Laura's Vacation Blog

Sunday, May 07, 2017


I never knew the charm of spring...
We spent the tail end of April in Paris and then traveled onto Normandy, Brittany and the Loire Valley. We arrived in Paris on Saturday afternoon, starving (they don't even serve peanuts on Iceland Air!), and eager for a nap. Our first night out, we found a quintessential bistro for a delicious dinner.

Our first full day out, Sunday, we spent the day in the Marais. In the morning, we visited a great market and picked up all sorts of goodies for our dinner; fillet of sole, bread, cheese, veggies, wine and some basic supplies. We visited the Place des Vosges and the Museum of Jewish Art and History. In the evening, we cooked up our dinner from our market purchases.The cheese we bought turned out to be one of the stinkiest on record! It overwhelmed the refrigerator in our apartment.

The cheese counter

Beautiful market produce

Place des Vosges

On Monday, we had a site seeing extravaganza. We visited the Louvre in the morning, focusing on only the Egyptian Antiquities section as so not to overwhelm. Even so, I think there were 30 or so rooms with the Egyptian Antiquities! In the afternoon, we walked over to the Ile Saint-Louis to visit Sainte-Chapelle and Notre Dame. And, we decided to climb the tower at Notre Dame for some amazing views. For dinner, we found this great place that had a cheese course--our first of several we found in France.

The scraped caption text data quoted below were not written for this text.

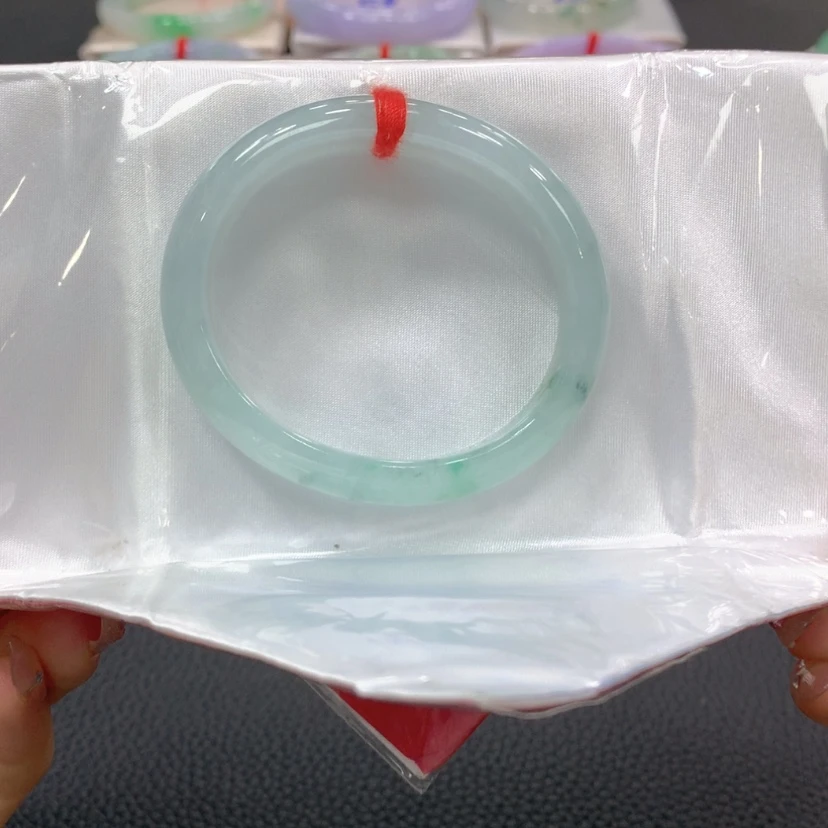 【闪购商品】翡翠手镯未镶嵌翡翠
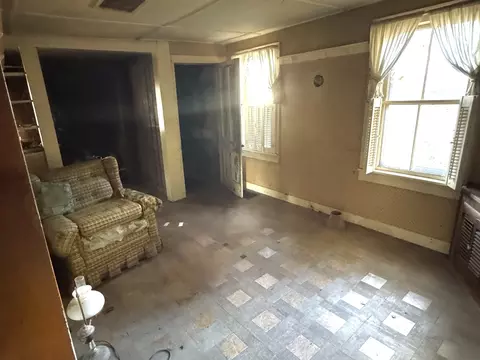 Living - 174 Main St, Haydenville, MA 01039 photo 1 of 1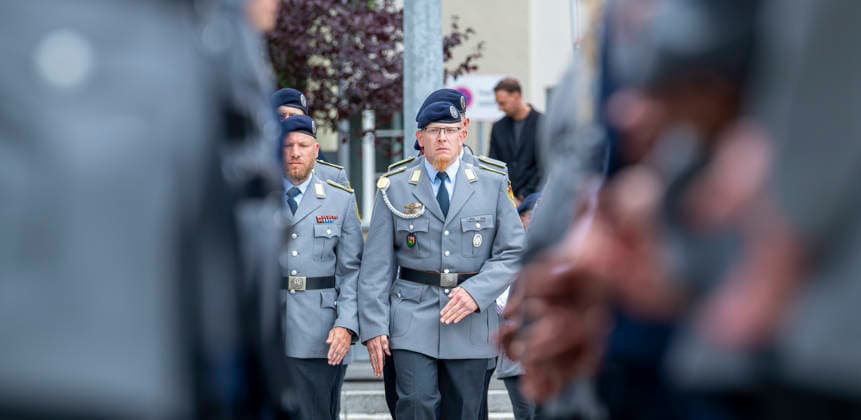 Feierliches Gelöbnis im Bendlerblock EUR, Deutschland, Berlin, 20.07.2026: 240 Rekrutinnen und Rekruten der Bundeswehr legen im Bendlerblock anlässlich des 82. Jahrestages des 20. Juli 1944 ihr Gelöbnis ab. Sie bekennen sich zur freiheitlichen-demokratischen Grundordnung und geloben der Bundesrepublik Deutschland treu zu dienen. In Anwesenheit des Verteidigungsminister Boris Pistorius (SPD) und als Ehrengast wird der Schriftsteller Navid Kermani eine Rede halten. *** Ceremonial Oath-Taking at the Bendlerblock, Berlin, Germany, July 20, 2026: 240 Bundeswehr recruits take their oath at the Bendlerblock on the occasion of the 82nd anniversary of July 20, 1944. They pledge their commitment to the free democratic basic order and vow to serv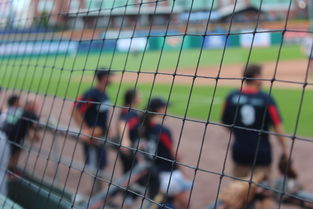 网球赛场焦点！瑞士队对阵克罗地亚队，压哨绝杀，引爆全场观众欢呼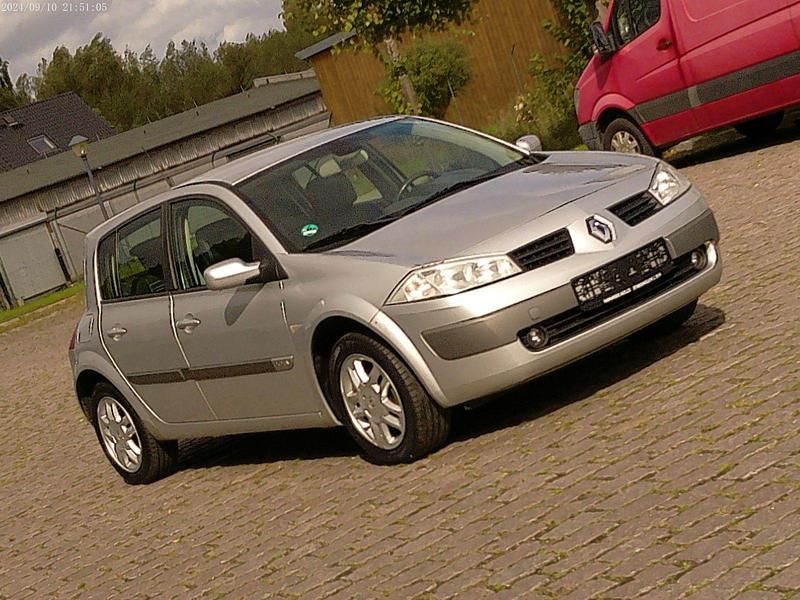 Grau Gebraucht 2006 Renault Mégane II Exception Kleinwagen | 2.899 € (Fairer Preis) - Bild 1/4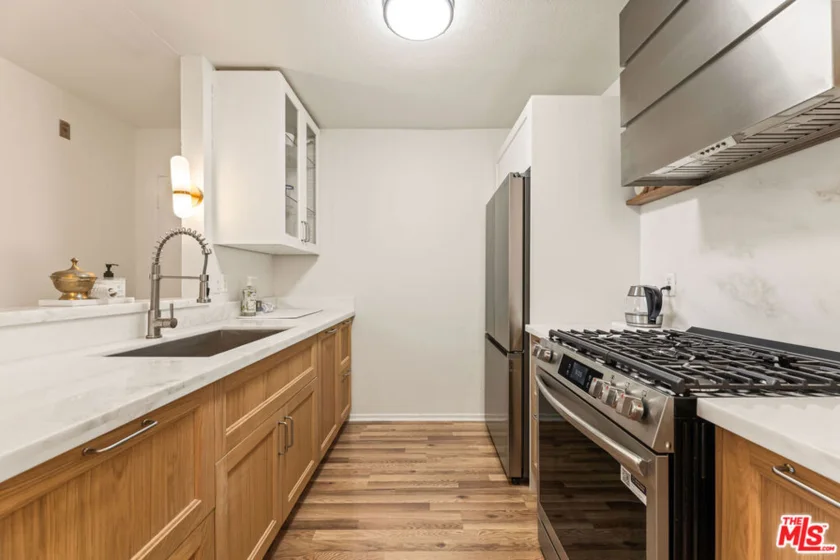 365 Burchett Street #118 photo 6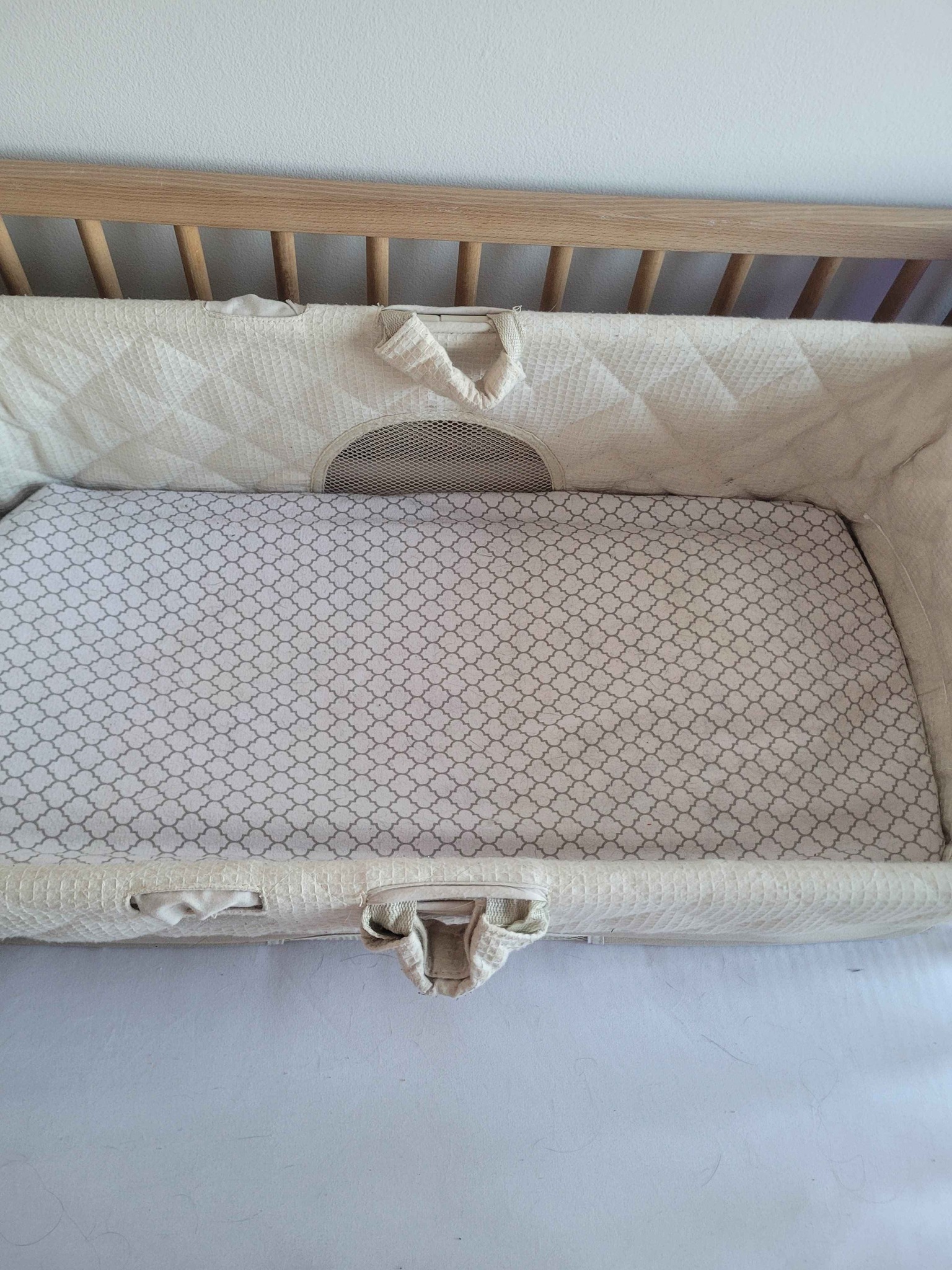 Bassinet with Waterproof Thin Mattress & Soft Topper - Bassinets ...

They have a dozen or more cheeses and will slice you off a hunk of how ever many you want.

An ancient mummy

Stained glass at Sainte-Chapelle


 A view from the top

On Tuesday, we had another marathon day of site seeing. We visited the Orsay Museum and saw many of the great impressionist paintings including one of Monet's waterlily paintings. We hiked up to the top of the Arc De Triomphe and then hiked down the Champs Elysees. In the afternoon, we stood in line for 2 hours to see the Catacombs, an underground tomb of millions of bones. Afterwards, we went to the exact opposite attraction, the Luxembourg Gardens. In the evening, we had a super special dinner at Pre Catelan--a 3* Michelin restaurant. Everything we ate was so original and the flavors were so pronounced.

 The Arc De Triomphe

 A million stairs to climb the Arc to the top

 Quite a view

 A glimpse of the catacombs

 The Luxembourg Garden pond with model sailboats.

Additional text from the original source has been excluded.